16 As it took the view that the resolution of the dispute before it depended on the interpretation of Article 1(2) of Directive 2001/83, the Bundesverwaltungsgericht decided to stay the proceedings and to refer the following question to the Court of Justice for a preliminary ruling:

'Is the definition of medicinal product in Article 1(2) of Directive 2001/83 ... to be interpreted to the effect that a product intended for human consumption and described as a food supplement is a medicinal product by function if it contains substances which pose a risk to health in the low dose contained in the product when the recommended intake printed on the packaging is observed, without being capable of producing therapeutic effects, but which have therapeutic effects in high doses?'


The question referred for a preliminary ruling


17 By its question, the national court asks, essentially, whether Article 1(2) of Directive 2001/83 is to be interpreted as meaning that a product which includes in its composition a substance which has a physiological effect when it is used in a particular dosage is a medicinal product by function since, regard being had to its content in active substances and under normal conditions of use, it constitutes a risk to health without, however, being capable of restoring, correcting or modifying physiological functions in human beings.

18 First of all, it should be pointed out that, for the purpose of determining whether a product falls within the definition of a medicinal product by function for the purposes of Directive 2001/83, the national authorities, acting under the supervision of the courts, must decide on a case-by-case basis, taking account of all the characteristics of the product, in particular its composition, its pharmacological, immunological or metabolic properties, to the extent to which they can be established in the present state of scientific knowledge, the manner in which it is used, the extent of its distribution, its familiarity to consumers and the risks which its use may entail (Case C-140/07 Hecht-Pharma [2009] ECR I-0000, paragraph 39).

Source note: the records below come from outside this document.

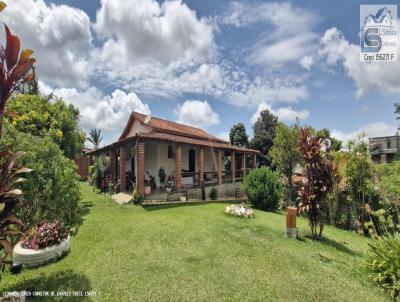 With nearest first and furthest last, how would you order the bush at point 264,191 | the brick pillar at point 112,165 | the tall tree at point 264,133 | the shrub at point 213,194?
the bush at point 264,191
the shrub at point 213,194
the brick pillar at point 112,165
the tall tree at point 264,133

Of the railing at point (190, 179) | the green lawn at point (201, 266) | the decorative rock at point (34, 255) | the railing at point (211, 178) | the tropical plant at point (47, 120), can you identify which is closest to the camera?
the green lawn at point (201, 266)

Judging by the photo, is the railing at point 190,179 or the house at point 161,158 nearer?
the house at point 161,158

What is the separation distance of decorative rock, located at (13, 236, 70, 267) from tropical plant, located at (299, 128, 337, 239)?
8.21 metres

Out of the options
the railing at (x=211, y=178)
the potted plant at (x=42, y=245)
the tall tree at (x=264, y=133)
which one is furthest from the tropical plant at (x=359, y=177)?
the tall tree at (x=264, y=133)

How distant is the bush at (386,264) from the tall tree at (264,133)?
23533 millimetres

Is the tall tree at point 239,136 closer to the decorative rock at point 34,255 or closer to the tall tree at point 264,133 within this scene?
the tall tree at point 264,133

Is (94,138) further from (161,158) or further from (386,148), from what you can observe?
(386,148)

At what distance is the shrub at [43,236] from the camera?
495cm

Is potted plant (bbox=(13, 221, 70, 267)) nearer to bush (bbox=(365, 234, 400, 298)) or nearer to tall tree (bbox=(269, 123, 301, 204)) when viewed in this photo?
bush (bbox=(365, 234, 400, 298))

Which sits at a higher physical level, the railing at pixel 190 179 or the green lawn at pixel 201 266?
the railing at pixel 190 179

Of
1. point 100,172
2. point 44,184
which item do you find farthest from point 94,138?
point 44,184

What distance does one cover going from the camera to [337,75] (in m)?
13.2

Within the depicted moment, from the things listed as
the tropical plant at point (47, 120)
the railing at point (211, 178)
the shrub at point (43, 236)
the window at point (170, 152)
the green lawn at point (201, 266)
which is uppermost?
the tropical plant at point (47, 120)

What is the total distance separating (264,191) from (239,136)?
64.1 feet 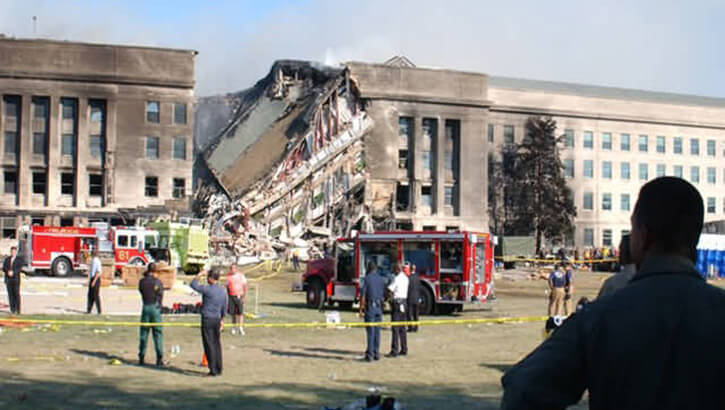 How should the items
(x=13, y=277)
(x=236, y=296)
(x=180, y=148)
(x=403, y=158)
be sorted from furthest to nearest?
(x=403, y=158)
(x=180, y=148)
(x=13, y=277)
(x=236, y=296)

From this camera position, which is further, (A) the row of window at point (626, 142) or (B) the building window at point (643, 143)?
(B) the building window at point (643, 143)

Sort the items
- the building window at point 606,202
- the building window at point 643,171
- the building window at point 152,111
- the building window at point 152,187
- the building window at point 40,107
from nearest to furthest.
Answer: the building window at point 40,107
the building window at point 152,187
the building window at point 152,111
the building window at point 606,202
the building window at point 643,171

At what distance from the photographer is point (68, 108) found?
67.2m

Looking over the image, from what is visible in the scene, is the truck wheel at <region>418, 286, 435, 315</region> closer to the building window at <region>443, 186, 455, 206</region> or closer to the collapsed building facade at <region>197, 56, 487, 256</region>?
the collapsed building facade at <region>197, 56, 487, 256</region>

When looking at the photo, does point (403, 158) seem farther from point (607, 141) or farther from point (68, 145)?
point (68, 145)

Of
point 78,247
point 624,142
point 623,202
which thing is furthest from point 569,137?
point 78,247

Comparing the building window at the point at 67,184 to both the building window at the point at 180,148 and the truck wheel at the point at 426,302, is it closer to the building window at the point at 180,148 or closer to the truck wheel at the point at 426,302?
the building window at the point at 180,148

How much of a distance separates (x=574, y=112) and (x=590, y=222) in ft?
37.3

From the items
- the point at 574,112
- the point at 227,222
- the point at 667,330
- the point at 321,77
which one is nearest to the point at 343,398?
the point at 667,330

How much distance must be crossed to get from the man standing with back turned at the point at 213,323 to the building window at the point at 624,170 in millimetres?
78978

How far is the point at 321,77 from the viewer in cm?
7456

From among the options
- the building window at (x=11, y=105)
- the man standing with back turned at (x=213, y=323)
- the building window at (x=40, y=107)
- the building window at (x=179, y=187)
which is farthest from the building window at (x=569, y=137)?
the man standing with back turned at (x=213, y=323)

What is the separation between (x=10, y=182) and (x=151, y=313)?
55051 mm

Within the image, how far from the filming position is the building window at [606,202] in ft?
290
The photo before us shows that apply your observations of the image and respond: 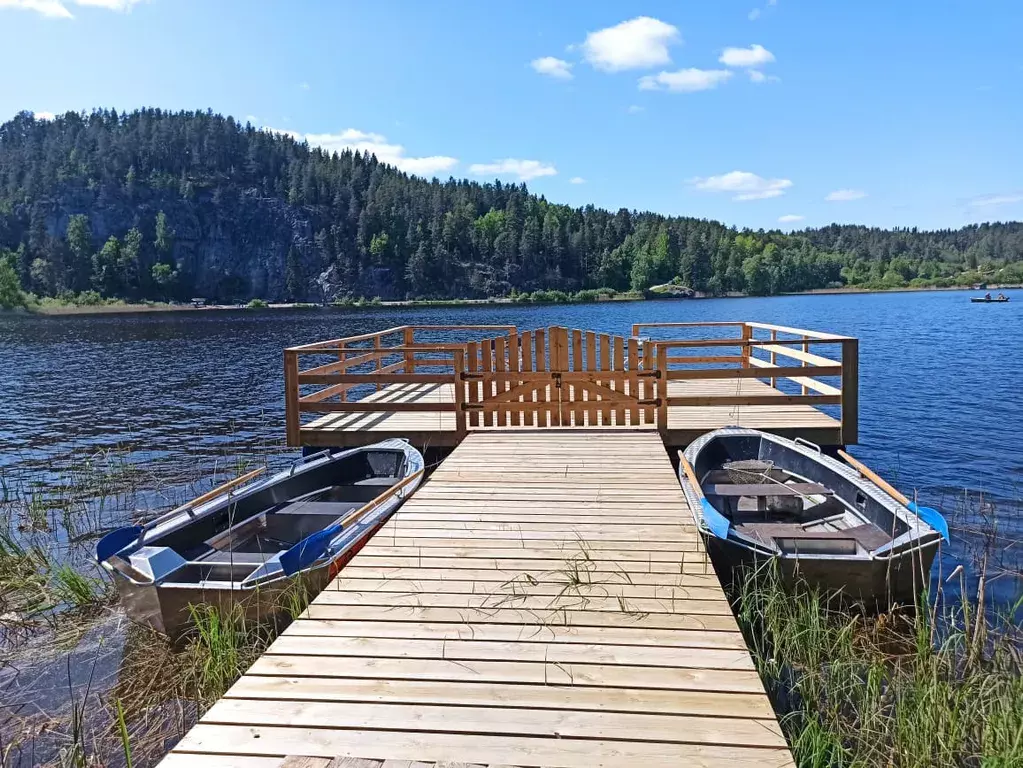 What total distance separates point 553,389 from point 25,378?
25.6 m

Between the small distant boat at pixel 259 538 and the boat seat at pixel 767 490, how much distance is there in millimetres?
2904

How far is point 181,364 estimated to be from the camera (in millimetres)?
31219

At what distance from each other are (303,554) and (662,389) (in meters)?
4.98

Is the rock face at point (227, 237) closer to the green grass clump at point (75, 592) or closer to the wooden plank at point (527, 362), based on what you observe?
the wooden plank at point (527, 362)

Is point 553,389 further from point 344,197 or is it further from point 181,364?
point 344,197

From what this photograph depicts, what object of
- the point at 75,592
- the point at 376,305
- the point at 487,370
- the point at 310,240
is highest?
the point at 310,240

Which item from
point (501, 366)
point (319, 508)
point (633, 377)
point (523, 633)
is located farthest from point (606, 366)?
point (523, 633)

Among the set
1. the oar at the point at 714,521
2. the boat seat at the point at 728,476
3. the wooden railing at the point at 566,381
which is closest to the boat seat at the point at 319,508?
the wooden railing at the point at 566,381

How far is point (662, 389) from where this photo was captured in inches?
337

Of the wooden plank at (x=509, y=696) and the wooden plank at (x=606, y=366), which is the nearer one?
the wooden plank at (x=509, y=696)

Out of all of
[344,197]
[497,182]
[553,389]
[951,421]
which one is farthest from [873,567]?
[497,182]

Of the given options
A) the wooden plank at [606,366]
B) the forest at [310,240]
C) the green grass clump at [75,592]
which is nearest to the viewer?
the green grass clump at [75,592]

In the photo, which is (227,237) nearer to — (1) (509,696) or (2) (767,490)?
(2) (767,490)

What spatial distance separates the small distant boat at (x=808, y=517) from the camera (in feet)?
16.7
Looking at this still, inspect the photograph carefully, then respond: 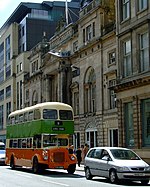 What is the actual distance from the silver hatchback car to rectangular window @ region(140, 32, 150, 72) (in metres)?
10.2

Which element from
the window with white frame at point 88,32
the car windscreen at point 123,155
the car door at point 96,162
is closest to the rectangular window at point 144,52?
the car door at point 96,162

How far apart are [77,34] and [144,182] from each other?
2862cm

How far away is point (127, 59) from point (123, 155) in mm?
14010

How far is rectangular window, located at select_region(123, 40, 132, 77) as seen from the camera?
33.8 meters

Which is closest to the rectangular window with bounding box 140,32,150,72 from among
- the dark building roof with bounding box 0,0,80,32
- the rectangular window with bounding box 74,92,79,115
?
the rectangular window with bounding box 74,92,79,115

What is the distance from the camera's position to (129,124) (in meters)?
33.5

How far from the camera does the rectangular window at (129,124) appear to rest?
33156 mm

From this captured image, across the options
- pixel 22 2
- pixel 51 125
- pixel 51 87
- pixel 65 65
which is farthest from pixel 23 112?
pixel 22 2

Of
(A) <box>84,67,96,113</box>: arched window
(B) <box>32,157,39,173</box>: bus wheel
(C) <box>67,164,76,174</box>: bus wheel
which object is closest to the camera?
(C) <box>67,164,76,174</box>: bus wheel

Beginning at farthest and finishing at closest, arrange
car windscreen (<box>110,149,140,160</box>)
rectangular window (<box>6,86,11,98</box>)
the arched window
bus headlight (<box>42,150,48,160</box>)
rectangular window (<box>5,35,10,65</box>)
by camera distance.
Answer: rectangular window (<box>5,35,10,65</box>) → rectangular window (<box>6,86,11,98</box>) → the arched window → bus headlight (<box>42,150,48,160</box>) → car windscreen (<box>110,149,140,160</box>)

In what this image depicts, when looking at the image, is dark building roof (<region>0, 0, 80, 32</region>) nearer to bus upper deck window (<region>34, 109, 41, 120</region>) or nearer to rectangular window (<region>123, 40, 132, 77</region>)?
rectangular window (<region>123, 40, 132, 77</region>)

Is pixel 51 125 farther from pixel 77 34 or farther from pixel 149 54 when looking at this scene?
pixel 77 34

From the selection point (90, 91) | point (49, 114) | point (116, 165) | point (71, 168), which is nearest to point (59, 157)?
point (71, 168)

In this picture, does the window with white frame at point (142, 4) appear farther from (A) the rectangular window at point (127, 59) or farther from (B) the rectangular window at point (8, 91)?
(B) the rectangular window at point (8, 91) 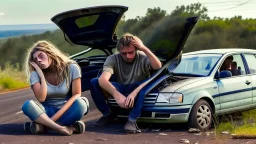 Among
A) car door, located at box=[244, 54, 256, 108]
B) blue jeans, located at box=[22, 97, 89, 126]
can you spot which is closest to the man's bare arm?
blue jeans, located at box=[22, 97, 89, 126]

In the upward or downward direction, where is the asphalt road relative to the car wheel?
downward

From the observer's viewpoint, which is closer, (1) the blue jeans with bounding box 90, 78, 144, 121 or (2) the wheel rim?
(1) the blue jeans with bounding box 90, 78, 144, 121

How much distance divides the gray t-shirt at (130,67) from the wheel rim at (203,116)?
1049 millimetres

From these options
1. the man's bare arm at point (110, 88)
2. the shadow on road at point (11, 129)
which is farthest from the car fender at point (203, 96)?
the shadow on road at point (11, 129)

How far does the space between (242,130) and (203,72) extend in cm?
172

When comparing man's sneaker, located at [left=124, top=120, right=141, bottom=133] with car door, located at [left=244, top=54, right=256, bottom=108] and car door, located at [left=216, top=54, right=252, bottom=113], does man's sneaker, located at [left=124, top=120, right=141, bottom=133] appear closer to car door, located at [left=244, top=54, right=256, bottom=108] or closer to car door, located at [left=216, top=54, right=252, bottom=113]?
car door, located at [left=216, top=54, right=252, bottom=113]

19 It follows that products containing a substance which has a physiological effect cannot automatically be classified as medicinal products by function unless the competent administration has made an assessment, with due diligence, of each product individually, taking account, in particular, of that product's specific pharmacological, immunological or metabolic properties, to the extent to which they can be established in the present state of scientific knowledge (Hecht-Pharma, paragraph 40).

20 The pharmacological, immunological or metabolic properties of a product constitute, in fact, the factor on the basis of which it must be ascertained, in the light of the potential capacities of the product, whether it may, for the purposes of Article 1(2)(b) of Directive 2001/83, be used in or administered to human beings with a view to restoring, correcting or modifying physiological functions (see, to that effect, Case C-319/05 Commission v Germany [2007] ECR I-9811, paragraph 59).

21 In that regard, it should be borne in mind that the capacity to restore, correct or modify physiological functions should not lead to the classification as medicinal products by function of products which, while having an effect on the human body, do not significantly affect the metabolism and thus do not strictly modify the way in which it functions (Hecht-Pharma, paragraph 41).

22 When that assessment is being made, the normal conditions of use of the product in question should be taken into account (see, to that effect, Case C-150/00 Commission v Austria [2004] ECR I-3887, paragraph 75), and the fact that it is capable of having a significant physiological effect when used at a higher dosage than that indicated in the instructions or on the packaging is irrelevant in that regard.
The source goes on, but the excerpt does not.